It’s summer and we are seeing issues in the garden. Some vegetable problems are pest related, others are caused by improper watering or fertilizing and some are due to the environment.
A few of my English pea plants turned light brown and dried up. And although the pods are beautifully formed on the remaining healthy plants, the peas inside are often tiny. This is heat damage. I should have planted earlier. Although I fertilized with a slow-release fertilizer, peas probably need a fertilizer higher in phosphorus or potassium in order to grow bigger peas.

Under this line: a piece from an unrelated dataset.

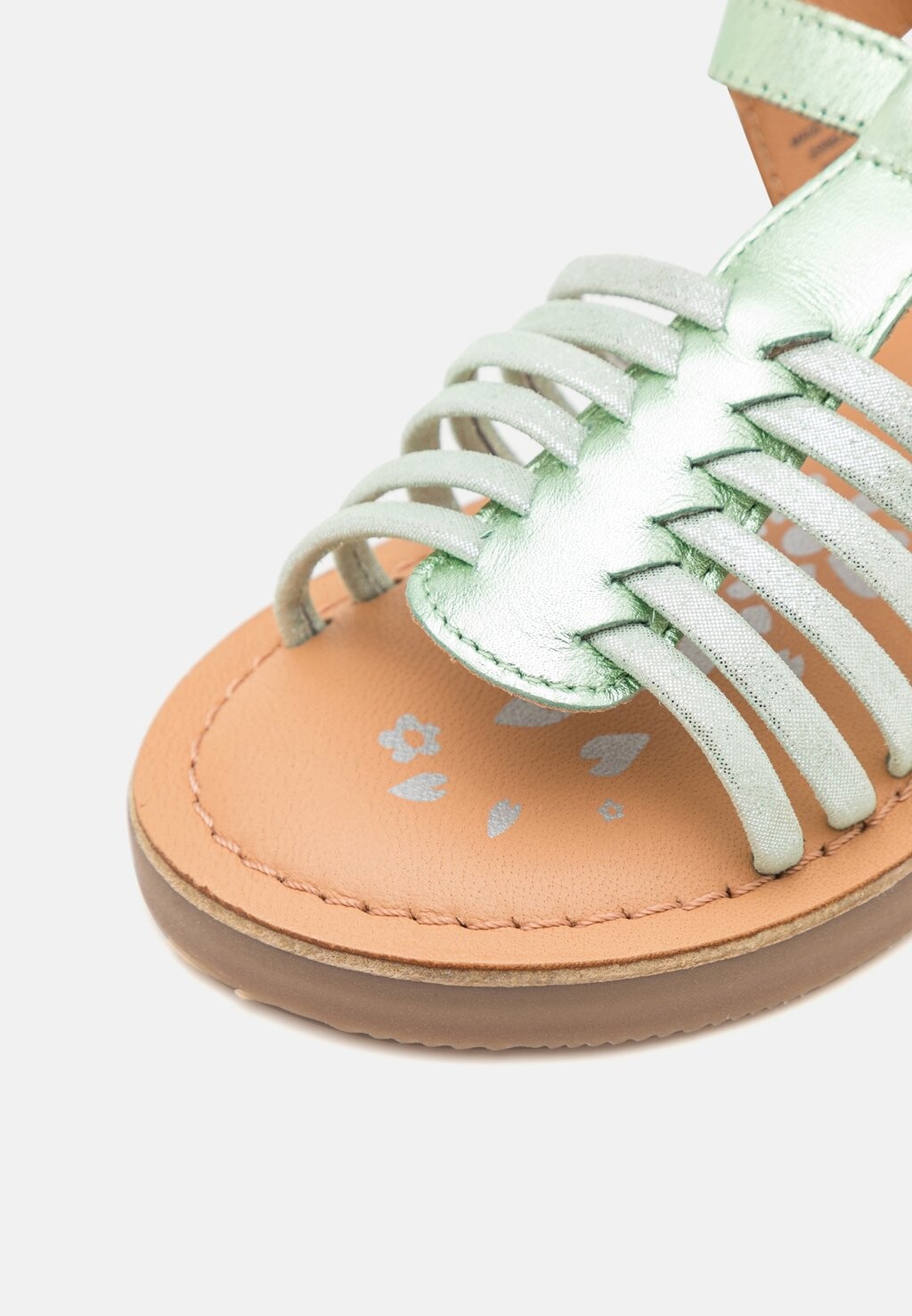 

Сандалии Premslim Kickers, зеленый клер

Lettuce, kale and chard are also declining and producing less due to the heat. Because the plants are stressed, I often find dense colonies of aphids on the undersides of leaves. Spinach, parsley and cilantro are all bolting due to the heat. This means flower stalks are developing, a sure sign it’s too warm.

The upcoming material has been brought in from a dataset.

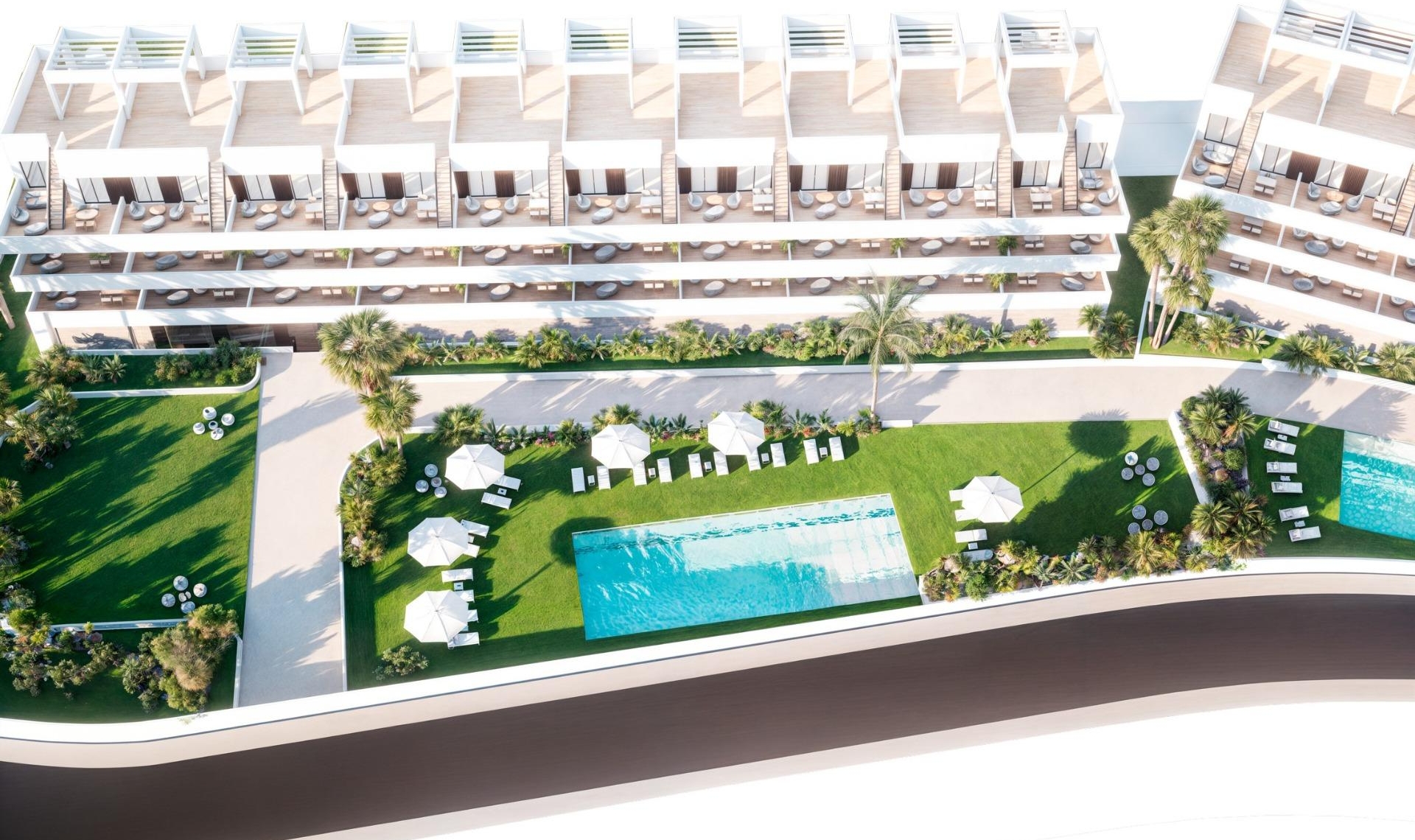 New Build - Apartment -
Finestrat - Balcon de finestrat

I am receiving calls about blossom-end rot on tomatoes where brown leathery patches occur on the bottom of fruit. This is caused by a lack of calcium, a result of slowed growth and damaged roots, possibly caused by extreme fluctuations in soil moisture, excessive salts in the soil or weeding too close to the stem and roots. To reduce blossom-end rot, water the plants consistently to keep them evenly moist. Mulch the soil to retain moisture. Avoid using high-nitrogen fertilizers or large quantities of fresh manure. If the soil is salty, water more deeply to leach the salts below the roots.

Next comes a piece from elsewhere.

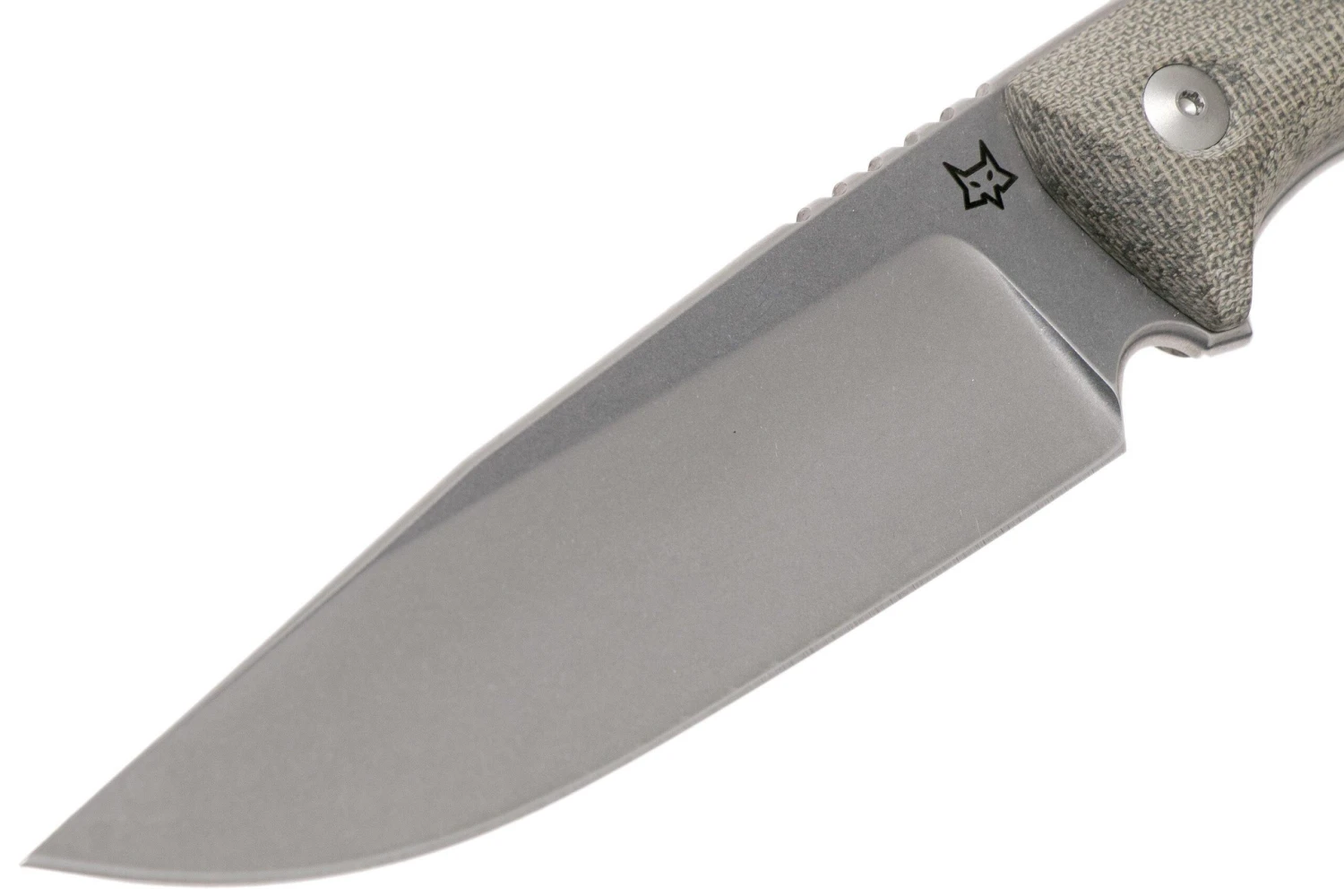 Fox TUR, Micarta Grün FX-529MI Feststehendes Messer, Jesper Voxnaes Design 3 Fox TUR, Micarta Grün FX-529MI Feststehendes Messer, Jesper Voxnaes Design – Bild 3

Don’t be surprised to find huge green caterpillars on your tomatoes, peppers or eggplants. These are tomato hornworms, the larvae of sphinx moths. They eat the foliage and the fruit and then leave behind black pepper-sized droppings on the leaves. Pick the hornworms off by hand and dispose of them.
Many kinds of other caterpillars also eat plants. Cabbage loopers, the larvae of moths, chew holes in cabbage and lettuce leaves. Loopers are green worms about 1½ inch long with light stripes on their backs. They excrete brown or green droppings. They can be controlled by handpicking or spraying with a bacterial insecticide called Bacillus thuringiensis, or Bt. Bt should be applied when the caterpillars are small with treatments repeated weekly as damaged is noticed. Covering the plants with row covers at planting can prevent moths from laying eggs on the plants. Clean all plant debris out of the garden at year’s end to eliminate hiding places for overwintering cocoons.
That’s just to name a few vegetable problems.